---------- MATERIALS PROVIDED
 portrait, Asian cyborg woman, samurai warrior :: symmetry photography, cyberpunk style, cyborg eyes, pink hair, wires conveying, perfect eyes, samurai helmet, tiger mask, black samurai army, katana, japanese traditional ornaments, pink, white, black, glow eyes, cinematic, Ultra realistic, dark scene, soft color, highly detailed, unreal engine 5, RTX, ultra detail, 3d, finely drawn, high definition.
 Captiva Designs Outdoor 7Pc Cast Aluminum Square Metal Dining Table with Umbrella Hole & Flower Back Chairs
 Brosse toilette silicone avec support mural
--------------------
---------- MATERIALS PROVIDED
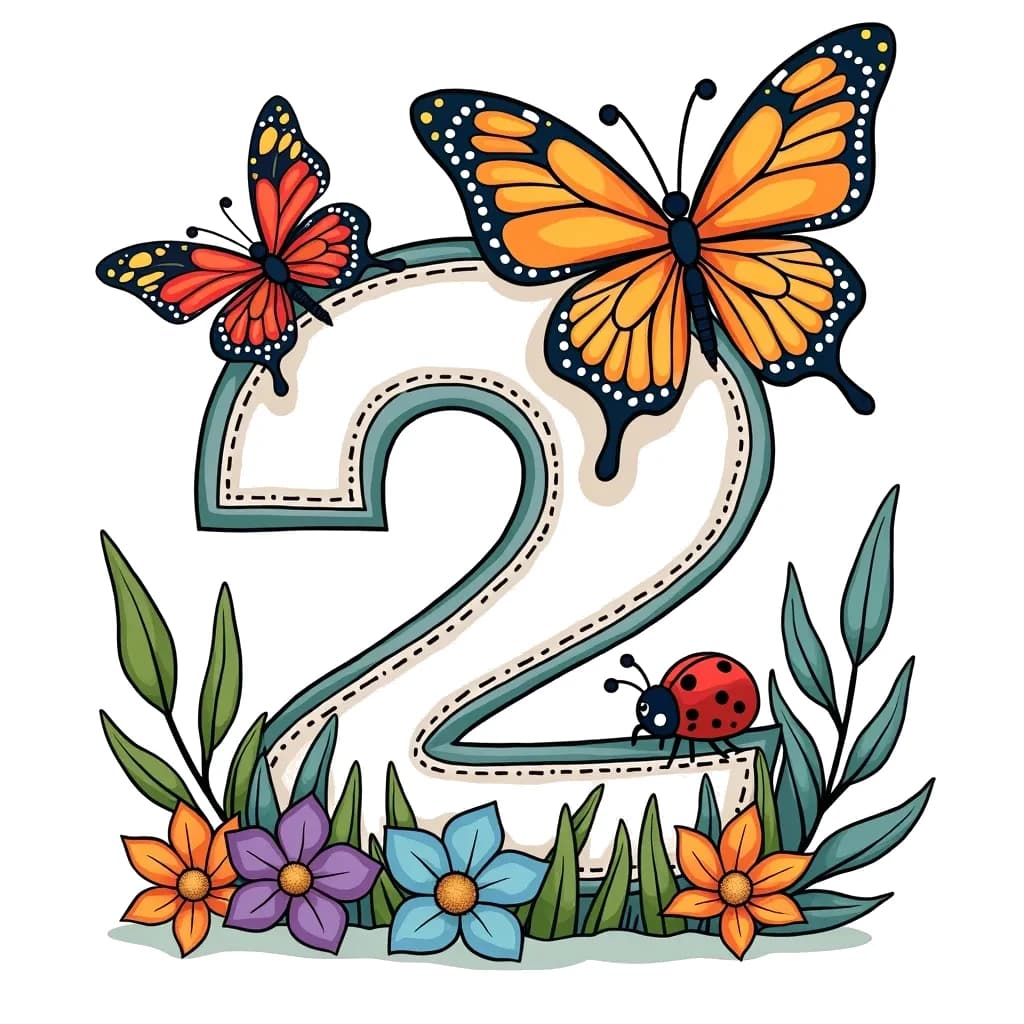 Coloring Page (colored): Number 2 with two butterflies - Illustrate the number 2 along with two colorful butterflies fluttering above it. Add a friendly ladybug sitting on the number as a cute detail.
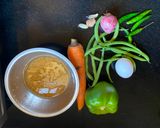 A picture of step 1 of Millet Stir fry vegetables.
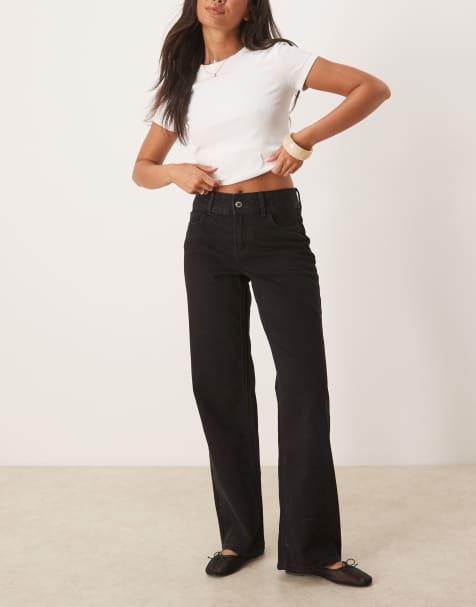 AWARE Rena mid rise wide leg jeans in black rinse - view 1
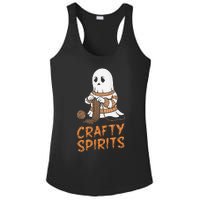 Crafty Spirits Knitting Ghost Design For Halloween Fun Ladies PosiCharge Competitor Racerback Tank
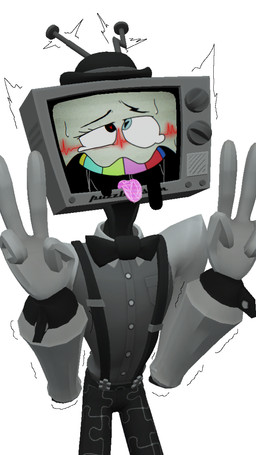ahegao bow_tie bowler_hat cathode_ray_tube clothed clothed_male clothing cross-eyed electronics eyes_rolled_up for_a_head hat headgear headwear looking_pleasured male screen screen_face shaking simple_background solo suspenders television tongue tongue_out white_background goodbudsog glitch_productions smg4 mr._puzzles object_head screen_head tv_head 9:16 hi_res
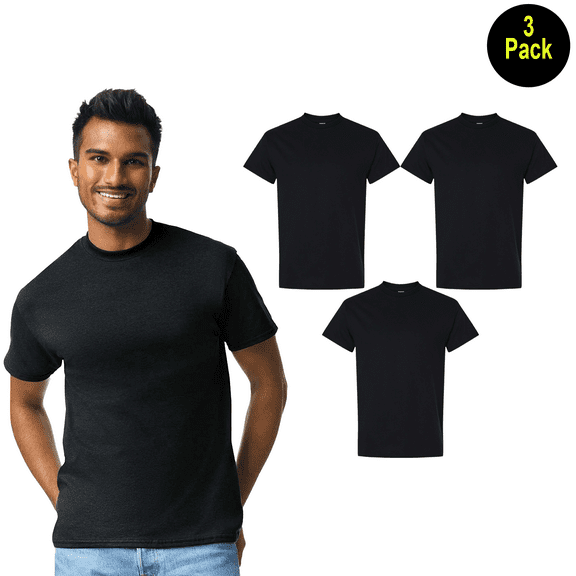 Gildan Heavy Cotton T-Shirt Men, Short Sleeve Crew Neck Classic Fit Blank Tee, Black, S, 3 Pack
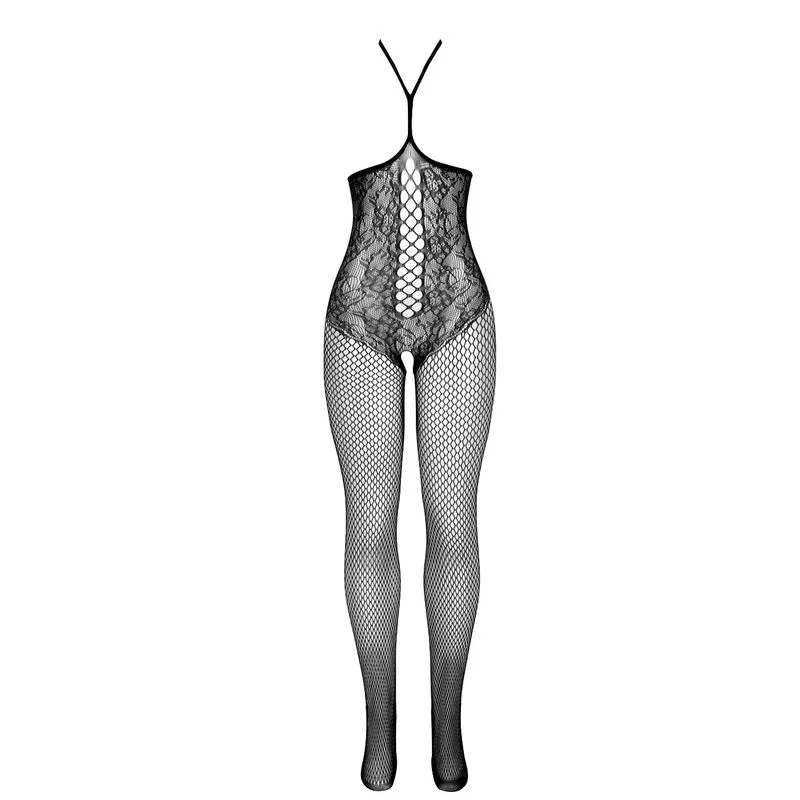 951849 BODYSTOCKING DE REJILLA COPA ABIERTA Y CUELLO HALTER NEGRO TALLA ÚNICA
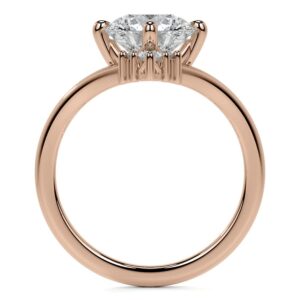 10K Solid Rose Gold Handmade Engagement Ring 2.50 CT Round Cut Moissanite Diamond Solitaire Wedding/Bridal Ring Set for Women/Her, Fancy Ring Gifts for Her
--------------------
:: REQUIRED ACTION ::
From the material above, set down exactly the lines starting at the one with "portrait, Asian cyborg" and ending at the one with "Brosse toilette silicone avec support mural", end lines included.

:: RESULT FOR THIS TASK ::
 portrait, Asian cyborg woman, samurai warrior :: symmetry photography, cyberpunk style, cyborg eyes, pink hair, wires conveying, perfect eyes, samurai helmet, tiger mask, black samurai army, katana, japanese traditional ornaments, pink, white, black, glow eyes, cinematic, Ultra realistic, dark scene, soft color, highly detailed, unreal engine 5, RTX, ultra detail, 3d, finely drawn, high definition.
 Captiva Designs Outdoor 7Pc Cast Aluminum Square Metal Dining Table with Umbrella Hole & Flower Back Chairs
 Brosse toilette silicone avec support mural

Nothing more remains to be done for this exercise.